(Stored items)
****************************************
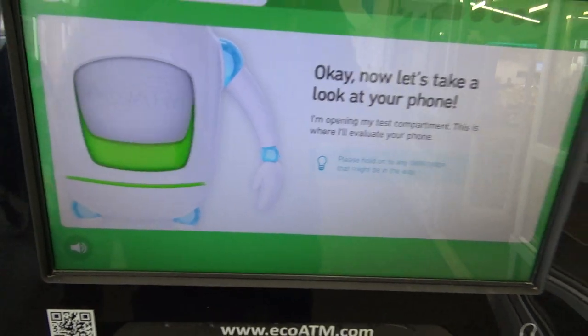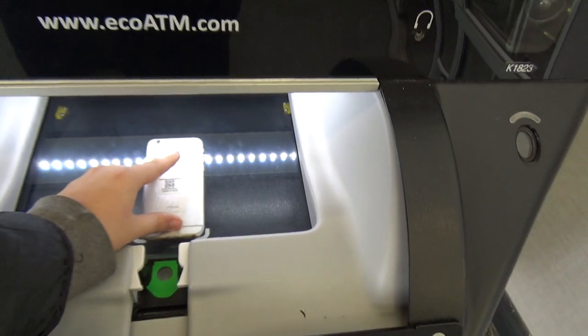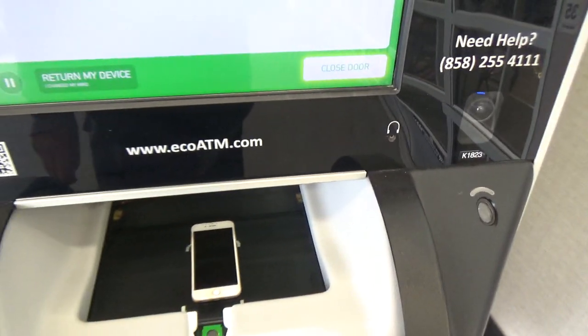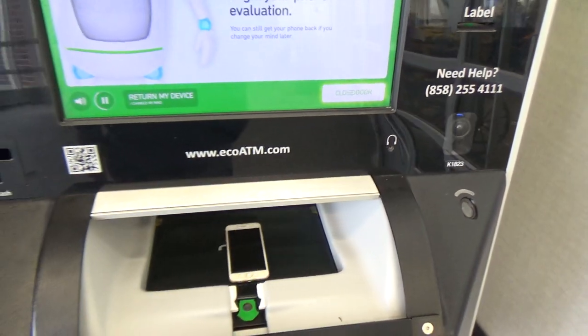Now let's take a look. I'm opening my test department where I'll evaluate your device. Place your device in the center. Now just tap to close the door and I'll begin evaluating your device.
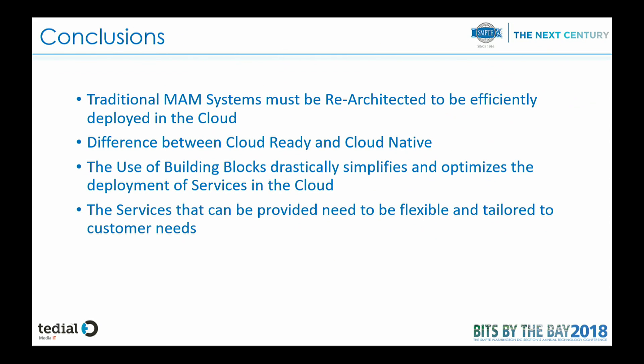So what are the conclusions? There is an important architectural change required if we want to deploy MAM in the cloud, and we have to take important decisions on how to re-architect the system. It is important to distinguish between something which is cloud ready — meaning you can deploy your platform in the cloud — and something which is cloud native, which means you take all the benefits of the cloud regarding storage, elasticity, and resilience. And in our business, which is broadcast, it is important to have services adapted to our operations — ingest, QC, editing — and to have the flexibility to provide a lot of content for different destinations as needs change very fast.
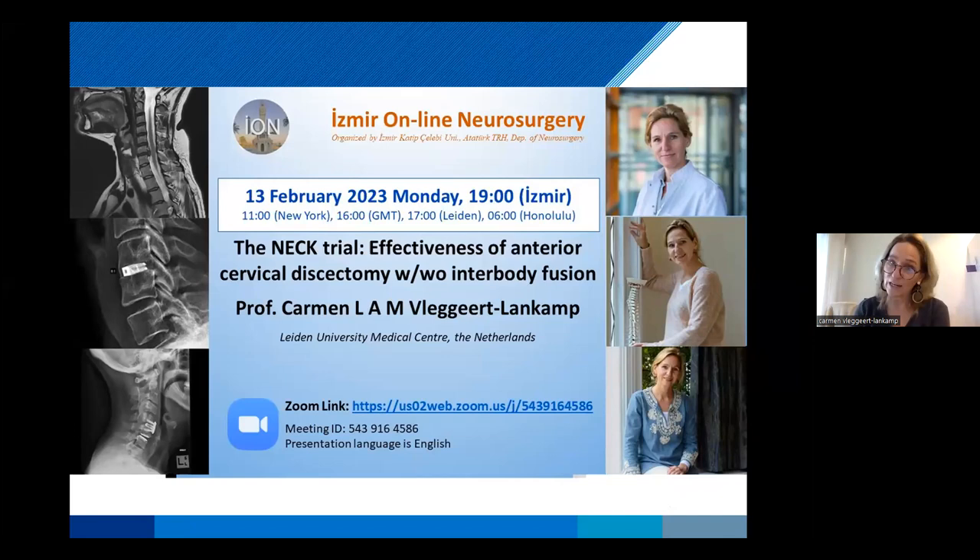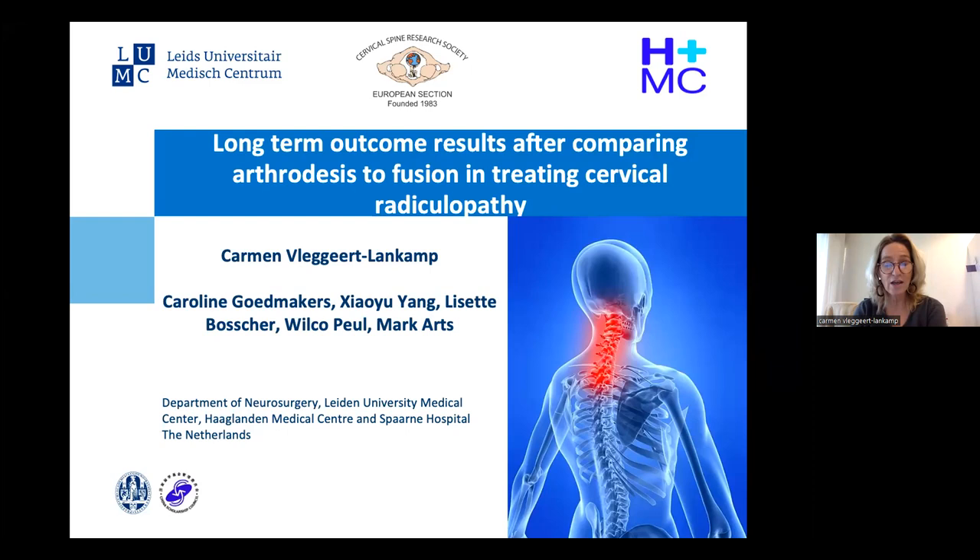Thank you all for your attention. What I would like to discuss with you for the coming hour is the cervical spine, and in particular the problems that we encounter when we want to treat cervical spine radiculopathy. This is the announcement made for me, and it shows what I actually want to talk about: the long-term outcome results after comparing arthrodesis to fusion.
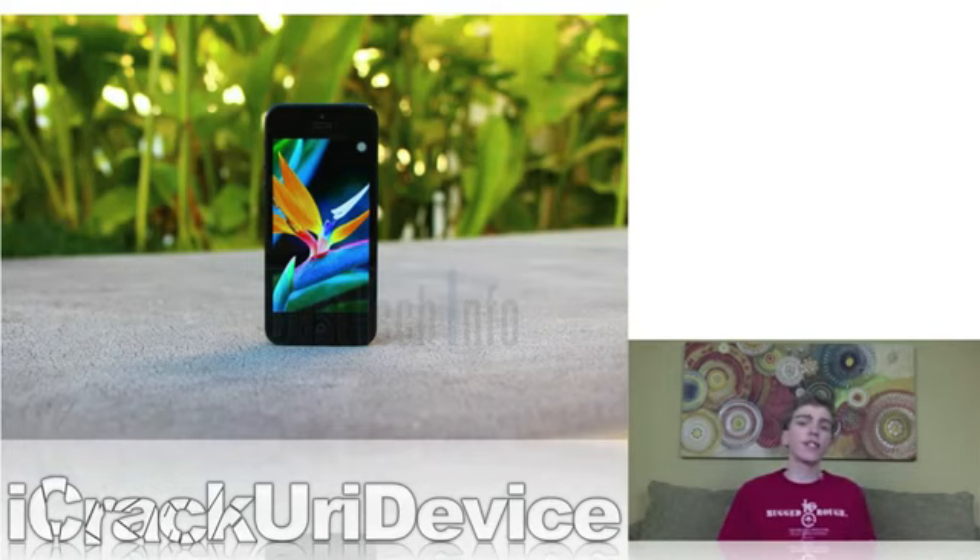The iPhone 5S is said to be a similar upgrade as the iPhone 4S was, offering the same body style as the iPhone 5 and mostly featuring internal upgrades. The next generation iPhone is rumored to come equipped with an upgraded processor, an improved camera sensor, either an improved LED flash or a dual LED flash system, and — while it seems a little far-fetched — an integrated biometric fingerprint scanner in the traditional home button.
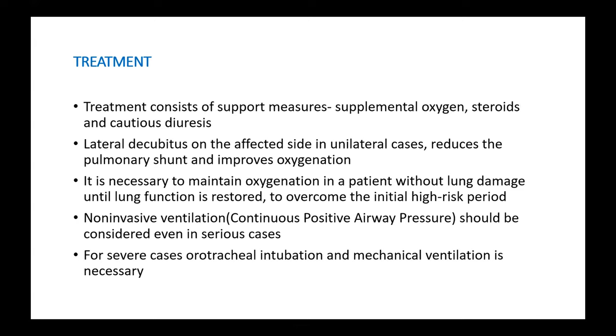Moving on to treatment: treatment is usually supportive and consists of supplemental oxygen, steroids, and cautious use of diuretics. Keeping the patient in lateral decubitus position on the affected side of the lung in unilateral cases will reduce pulmonary shunting and improve oxygenation.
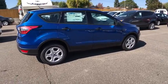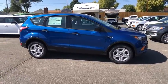This isn't just a vehicle, it's an experience. So stop in for a test drive today.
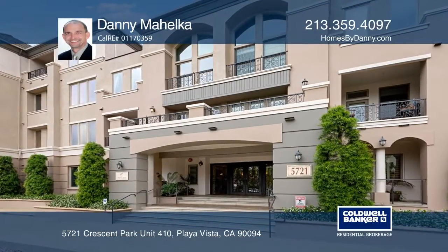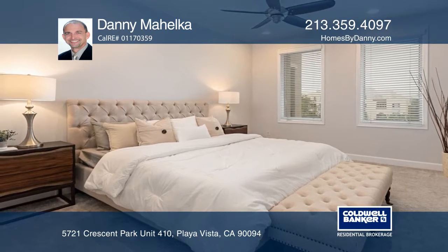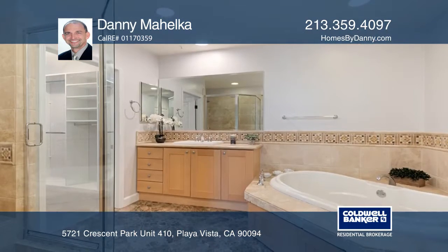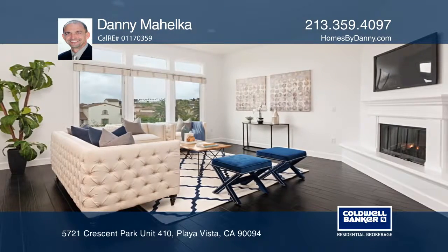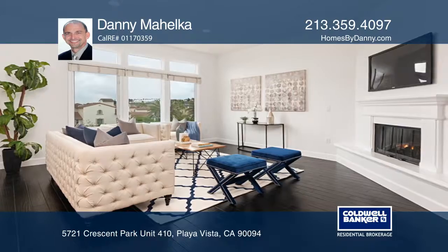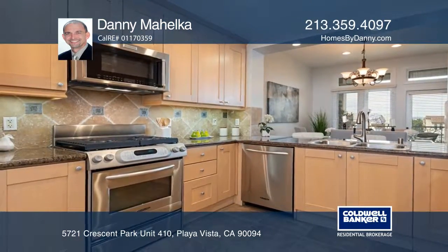Don't miss this rare opportunity to purchase the Playa Vista lifestyle in Playa Vista's premier building, the Chatelaine. This is the only complex in Playa Vista that offers an on-site pool and concierge. This top-floor, two-level townhome unit features a spacious living room with oversized windows and a chef's kitchen with high-end appliances.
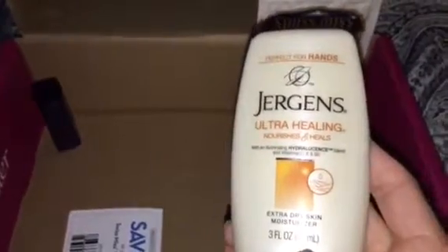Also for hydration this time of year, they included Jurgens Ultra Healing Cream for extra dry skin. Not going to lie, my hands are a mess right now because it just turned cold. I did get to try this and I'm loving it.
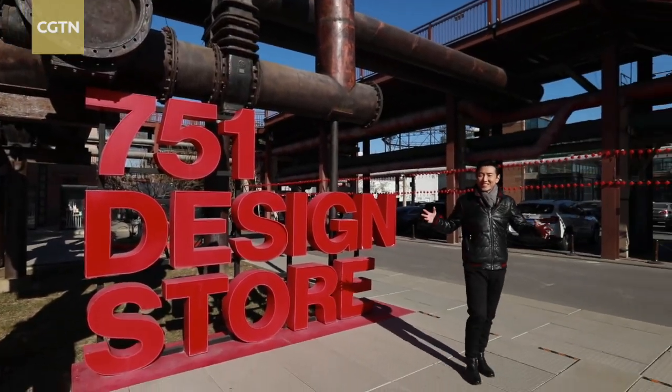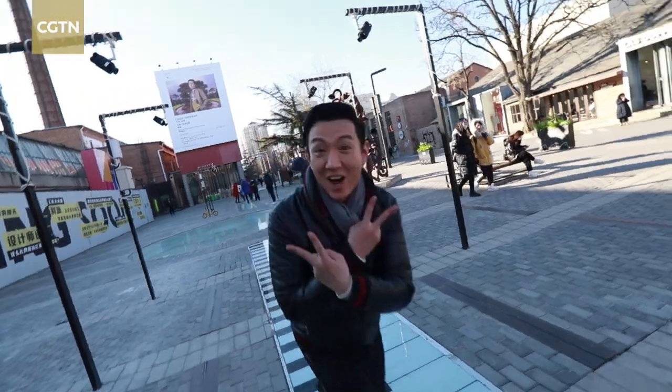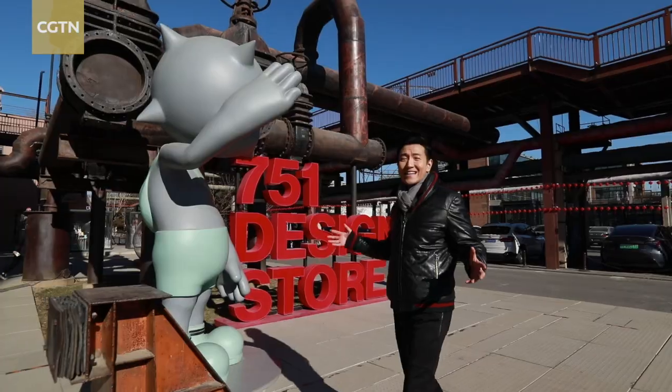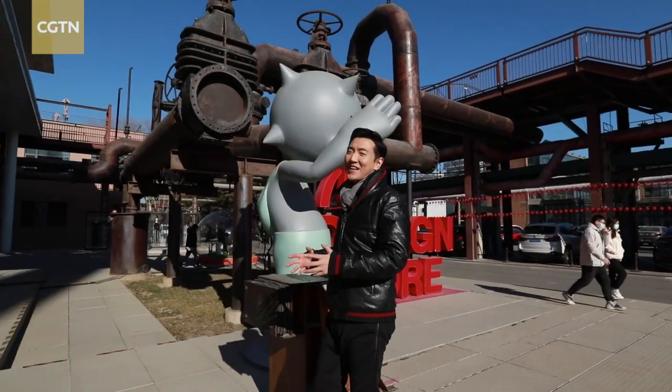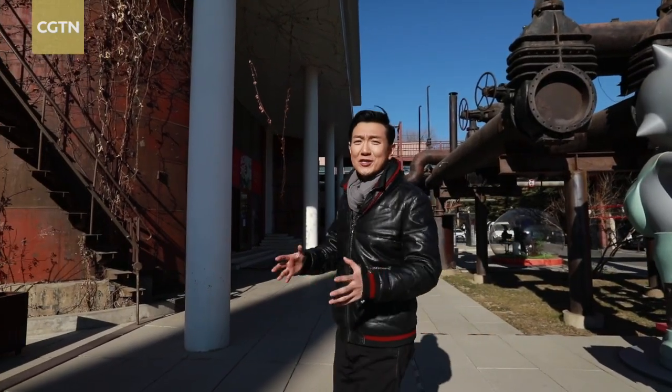The coolest spot in Beijing — completely the polar opposite of the Forbidden City — that is hip, young, sophisticated, and completely unexpected, is the 798 Art Zone. I'm Julian Wacken and today I'm going to take you on a tour of the district that put Beijing on the world map of contemporary art.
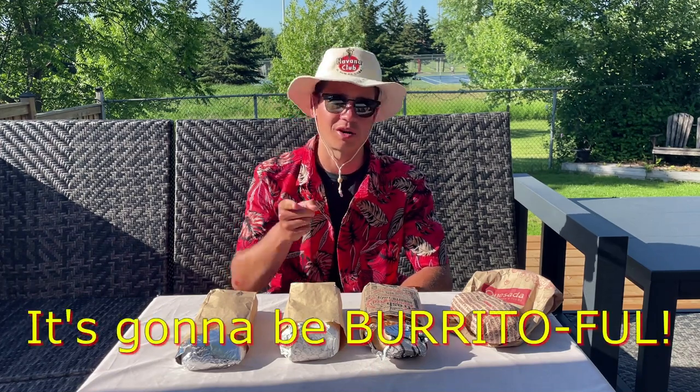Hola amigos! Four burgers and fries went down way too easy, so today I'm up in my game with four burritos, each one bigger than my head. Grab your sombreros and maracas, because it's going to be burrito-ful.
****************************************
What to produce
Give again, word for word, the lines above from the one with "Don't miss this" through the final line of the data, both ends included. Do not copy any picture.

Answer box
Don't miss this rare opportunity to purchase the Playa Vista lifestyle in Playa Vista's premier building, the Chatelaine. This is the only complex in Playa Vista that offers an on-site pool and concierge. This top-floor, two-level townhome unit features a spacious living room with oversized windows and a chef's kitchen with high-end appliances.
Also for hydration this time of year, they included Jurgens Ultra Healing Cream for extra dry skin. Not going to lie, my hands are a mess right now because it just turned cold. I did get to try this and I'm loving it.
The coolest spot in Beijing — completely the polar opposite of the Forbidden City — that is hip, young, sophisticated, and completely unexpected, is the 798 Art Zone. I'm Julian Wacken and today I'm going to take you on a tour of the district that put Beijing on the world map of contemporary art.
Hola amigos! Four burgers and fries went down way too easy, so today I'm up in my game with four burritos, each one bigger than my head. Grab your sombreros and maracas, because it's going to be burrito-ful.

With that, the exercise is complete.